When the Buddha told Ananda that the entirety of the practice lay in having an admirable friend, he wasn’t saying something warm and reassuring about the compassion of others. He was pointing out three uncomfortable truths—about delusion and trust—that call for clear powers of judgment.
The first truth is that you can’t really trust yourself to see through your delusion on your own. When you’re deluded, you don’t know you’re deluded. You need some trustworthy outside help to point it out to you. This is why, when the Buddha advised the Kalamas to know for themselves, one of the things he told them to know for themselves was how wise people would judge their behavior. When he advised his son, Rahula, to examine his own actions as he would his face in a mirror, he said that if Rahula saw that his actions had caused any harm, he should talk it over with a knowledgeable friend on the path. That way he could learn how to be open with others—and himself—about his mistakes and at the same time tap into the knowledge that his friend had gained. He wouldn’t have to keep reinventing the dharma wheel on his own.
So if you really want to become skillful in your thoughts, words, and deeds, you need a trustworthy friend to point out your blind spots. And because those spots are blindest around your unskillful habits, the primary duty of a trustworthy friend is to point out your faults—for only when you see your faults can you correct them; only when you correct them are you benefiting from your friend’s compassion in pointing them out.
Regard him as one who points out treasure, the wise one who seeing your faults rebukes you.
Stay with this sort of sage.
For the one who stays with a sage of this sort, things get better, not worse. —Dhammapada 76
In passing judgment on your faults, an admirable friend is like a trainer. Once, when a horse trainer came to see the Buddha, the Buddha asked him how he trained his horses. The trainer said that some horses responded to gentle training, others to harsh training, others required both harsh and gentle training; but if a horse didn’t respond to either type of training, he’d kill the horse to maintain the reputation of his teachers’ lineage. Then the trainer asked the Buddha how he trained his students, and the Buddha replied, “In the same way.” Some students responded to gentle criticism, others to harsh criticism, others to a mixture of the two, but if a student didn’t respond to either type of criticism, he’d kill the student. This shocked the horse trainer, until the Buddha explained what he meant by “killing”: He wouldn’t train the student any further, which essentially killed the student’s opportunity to grow in the practice.

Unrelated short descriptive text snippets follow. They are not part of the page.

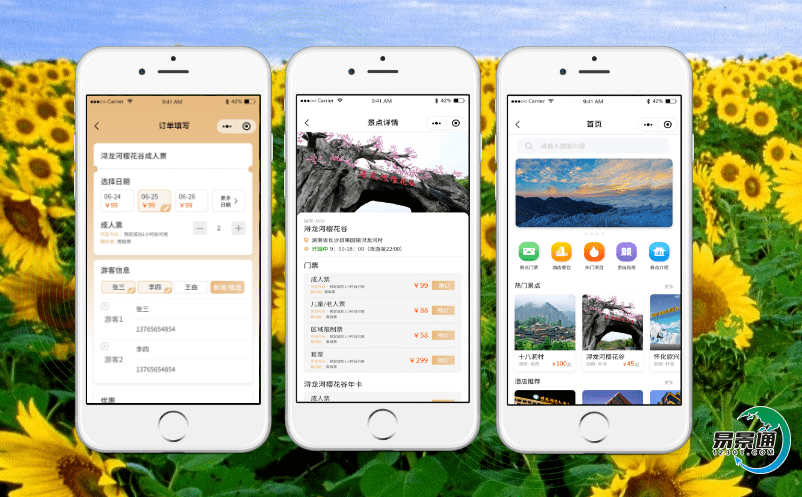 智慧景區票務系統有效整合景區資源，實現景區一站式管理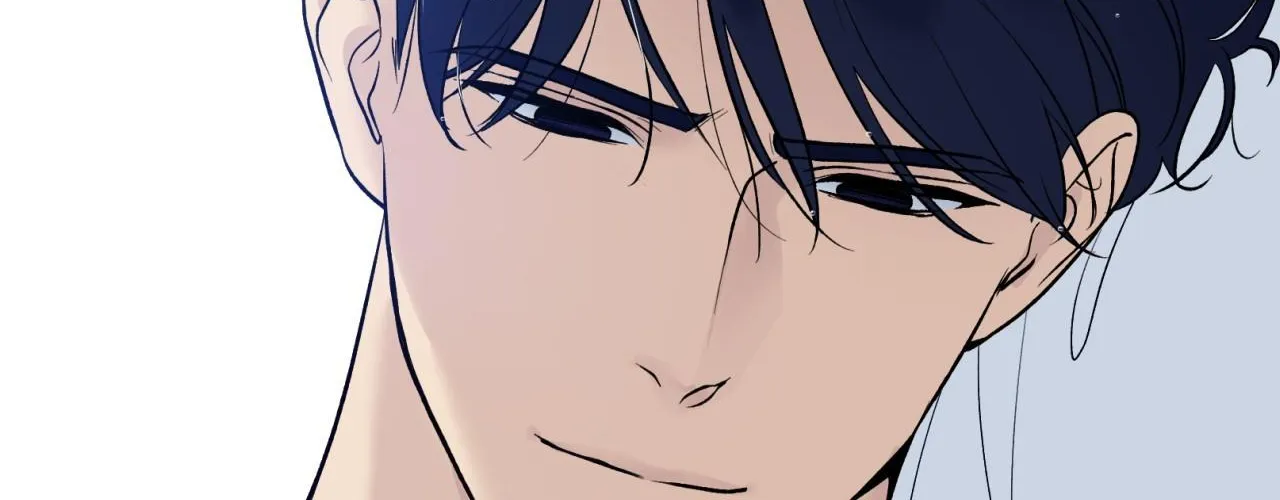 Why Are You So Kind To Everyone Except Me? Chapter 38 page 58 - 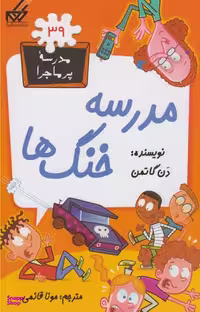 کتاب مدرسه پر ماجرا 39 (مدرسه خنگ ها) اثر دن گاتمن انتشارات گام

So the first prerequisite in maintaining an admirable friend is being willing to take criticism, both gentle and harsh. This is why the Buddha told his disciples not to teach for money, for the person paying is the one who determines what’s taught, and people rarely pay for the criticism they need to hear. But even if the teacher is teaching for free, you run into the Buddha’s second uncomfortable truth: You can’t open your heart to just anyone. Our powers of judgment really do have power, and because that power can cause long-term help or harm, you have to take care in choosing your friend. Don’t fall into the easy trap of being judgmental or nonjudgmental—judgmental in trusting your knee-jerk likes or dislikes, nonjudgmental in trusting that every dharma teacher would be equally beneficial as a guide. Instead, be judicious in choosing the person whose judgments you’re going to take on as your own.
This, of course, sounds like a catch-22: You need a good teacher to help develop your powers of judgment, but welldeveloped powers of judgment to recognize who a good teacher might be. And even though there’s no foolproof way out of the catch—after all, you can master a foolproof way and still be a fool—there is a way if you’re willing to learn from experience. And fortunately the Buddha gave advice about how to develop your powers of judgment, so that you know what to look for along the way. In fact, his recommendations for how to choose an admirable friend are a preliminary exercise in discernment: learning how to develop judicious powers of judgment so that you, too, can become an admirable friend, first to yourself and then to the people around you.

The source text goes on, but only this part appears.